__DATA FOR PROCESSING__:
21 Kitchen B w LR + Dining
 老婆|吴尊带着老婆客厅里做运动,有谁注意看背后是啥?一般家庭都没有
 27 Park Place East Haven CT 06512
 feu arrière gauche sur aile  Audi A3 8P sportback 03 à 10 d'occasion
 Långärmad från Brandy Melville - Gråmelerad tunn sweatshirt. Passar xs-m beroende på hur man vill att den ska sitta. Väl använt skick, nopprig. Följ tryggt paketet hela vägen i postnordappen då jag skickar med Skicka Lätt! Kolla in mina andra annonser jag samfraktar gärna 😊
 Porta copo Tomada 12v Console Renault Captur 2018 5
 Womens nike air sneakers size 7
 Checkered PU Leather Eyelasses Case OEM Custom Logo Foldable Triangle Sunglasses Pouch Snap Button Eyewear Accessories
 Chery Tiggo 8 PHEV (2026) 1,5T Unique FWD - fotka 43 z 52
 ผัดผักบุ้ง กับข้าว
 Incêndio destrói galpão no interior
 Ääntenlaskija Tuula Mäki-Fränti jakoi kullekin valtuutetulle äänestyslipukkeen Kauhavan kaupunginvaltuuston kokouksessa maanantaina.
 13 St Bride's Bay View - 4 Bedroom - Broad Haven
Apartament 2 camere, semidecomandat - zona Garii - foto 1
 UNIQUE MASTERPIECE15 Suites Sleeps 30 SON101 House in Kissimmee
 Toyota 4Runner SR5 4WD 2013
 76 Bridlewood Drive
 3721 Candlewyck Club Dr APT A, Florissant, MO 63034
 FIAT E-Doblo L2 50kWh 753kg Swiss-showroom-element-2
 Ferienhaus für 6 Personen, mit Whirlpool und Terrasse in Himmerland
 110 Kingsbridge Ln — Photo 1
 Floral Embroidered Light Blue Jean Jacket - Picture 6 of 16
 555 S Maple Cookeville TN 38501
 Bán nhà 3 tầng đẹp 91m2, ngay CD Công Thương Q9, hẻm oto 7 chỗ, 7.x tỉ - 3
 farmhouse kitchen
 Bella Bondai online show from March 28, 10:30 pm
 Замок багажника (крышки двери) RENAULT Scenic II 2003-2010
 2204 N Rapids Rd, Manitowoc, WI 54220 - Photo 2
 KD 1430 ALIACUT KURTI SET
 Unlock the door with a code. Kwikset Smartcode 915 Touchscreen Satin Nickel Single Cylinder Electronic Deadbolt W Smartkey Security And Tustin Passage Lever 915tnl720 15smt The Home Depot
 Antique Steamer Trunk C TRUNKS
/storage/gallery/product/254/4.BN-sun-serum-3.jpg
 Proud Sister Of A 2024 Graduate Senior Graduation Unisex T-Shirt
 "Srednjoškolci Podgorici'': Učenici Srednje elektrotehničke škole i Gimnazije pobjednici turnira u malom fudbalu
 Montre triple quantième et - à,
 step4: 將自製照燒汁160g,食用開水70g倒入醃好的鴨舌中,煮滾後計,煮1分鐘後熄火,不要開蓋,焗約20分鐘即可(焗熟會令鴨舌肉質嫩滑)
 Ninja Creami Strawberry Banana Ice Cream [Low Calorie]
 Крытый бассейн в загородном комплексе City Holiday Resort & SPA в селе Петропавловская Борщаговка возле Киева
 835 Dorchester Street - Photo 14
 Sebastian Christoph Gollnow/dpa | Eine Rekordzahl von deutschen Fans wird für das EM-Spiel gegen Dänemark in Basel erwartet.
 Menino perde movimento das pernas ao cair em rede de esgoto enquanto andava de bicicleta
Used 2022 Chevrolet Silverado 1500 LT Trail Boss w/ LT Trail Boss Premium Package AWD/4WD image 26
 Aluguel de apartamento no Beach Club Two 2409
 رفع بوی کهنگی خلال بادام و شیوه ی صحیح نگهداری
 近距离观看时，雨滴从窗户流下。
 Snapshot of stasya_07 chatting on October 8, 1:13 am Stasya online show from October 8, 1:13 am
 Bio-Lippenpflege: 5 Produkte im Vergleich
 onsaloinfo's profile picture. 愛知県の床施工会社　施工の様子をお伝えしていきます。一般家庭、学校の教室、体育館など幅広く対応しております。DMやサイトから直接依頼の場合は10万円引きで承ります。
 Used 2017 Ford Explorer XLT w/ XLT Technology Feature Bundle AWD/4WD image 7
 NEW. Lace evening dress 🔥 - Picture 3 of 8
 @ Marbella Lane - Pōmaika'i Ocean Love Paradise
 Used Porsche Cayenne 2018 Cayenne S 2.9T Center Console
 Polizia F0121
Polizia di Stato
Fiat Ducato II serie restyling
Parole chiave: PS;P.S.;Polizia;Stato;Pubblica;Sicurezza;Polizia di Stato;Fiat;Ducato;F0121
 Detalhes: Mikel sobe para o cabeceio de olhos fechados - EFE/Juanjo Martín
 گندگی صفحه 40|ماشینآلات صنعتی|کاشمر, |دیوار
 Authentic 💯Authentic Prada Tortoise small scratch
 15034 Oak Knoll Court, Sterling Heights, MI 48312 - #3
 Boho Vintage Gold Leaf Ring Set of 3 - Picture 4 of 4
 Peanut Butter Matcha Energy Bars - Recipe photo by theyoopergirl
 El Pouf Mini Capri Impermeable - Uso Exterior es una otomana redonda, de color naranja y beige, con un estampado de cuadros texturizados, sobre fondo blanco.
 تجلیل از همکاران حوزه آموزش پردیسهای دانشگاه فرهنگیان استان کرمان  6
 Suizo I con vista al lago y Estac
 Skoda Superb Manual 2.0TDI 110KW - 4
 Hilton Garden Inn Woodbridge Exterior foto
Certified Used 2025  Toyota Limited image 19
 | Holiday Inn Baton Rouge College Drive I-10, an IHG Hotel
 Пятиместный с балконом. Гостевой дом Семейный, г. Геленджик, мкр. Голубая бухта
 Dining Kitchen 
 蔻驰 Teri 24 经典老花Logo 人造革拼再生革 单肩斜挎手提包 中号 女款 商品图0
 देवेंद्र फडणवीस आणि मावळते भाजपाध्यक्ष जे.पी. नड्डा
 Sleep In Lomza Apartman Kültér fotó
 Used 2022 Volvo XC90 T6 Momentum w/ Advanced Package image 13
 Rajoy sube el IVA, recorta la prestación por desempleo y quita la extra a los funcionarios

__PROBLEM__: Copy out, from the listing above, every line that contains the string "image".

__RESULT__:
Used 2022 Chevrolet Silverado 1500 LT Trail Boss w/ LT Trail Boss Premium Package AWD/4WD image 26
 Used 2017 Ford Explorer XLT w/ XLT Technology Feature Bundle AWD/4WD image 7
Certified Used 2025  Toyota Limited image 19
 Used 2022 Volvo XC90 T6 Momentum w/ Advanced Package image 13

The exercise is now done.